Debuts this weekend were small with one big exception. Tyler Perry’s latest Madea film, A Madea Family Funeral, naturally made a relatively big splash with its dedicated audience. Starting at #2, the film made $27 million for its first weekend. No word on the budget yet but it’s most likely on a budget as most Tyler Perry productions are, so it’s safe to call this a success, especially for debuting with a box office so close to Dragon.

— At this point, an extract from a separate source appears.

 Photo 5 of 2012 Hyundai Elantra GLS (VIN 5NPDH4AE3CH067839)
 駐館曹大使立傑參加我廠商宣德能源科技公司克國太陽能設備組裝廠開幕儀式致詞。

The rest of the premieres were not as strong at all. Greta, the new thriller starring Chloe Moretz, debuted all the way down at #8 with $4.5 million box office. To be fair, however, the film was in a constant battle for its spot as three other films also reported earnings around $4 million for the weekend. Of note, Green Book, fresh off winning the Academy Award for Best Picture one weekend ago, splashed back into more theaters to arise even higher in the top 10 with its domestic total now sitting at $73 million. Don’t count on it remaining there long as bigger blockbusters will be swooping as we plow through the last remnants of winter movies.

Check out the full listing of the top 10 box office weekend results below:

How to Train Your Dragon: The Hidden World ($30,046,000)

Tyler Perry’s A Madea Family Funeral ($27,050,000)

Alita: Battle Angel ($7,000,000)

The LEGO Movie 2: The Second Part ($6,615,000)

Green Book ($4,711,000)

Fighting With My Family ($4,691,284)

Isn’t it Romantic ($4,645,000)

Greta ($4,585,000)

What Men Want ($2,700,000)

Happy Death Day 2U ($2,516,000)

Next weekend is once again all about Marvel as their latest superhero solo film, Captain Marvel, will be appearing in 4,100 theaters.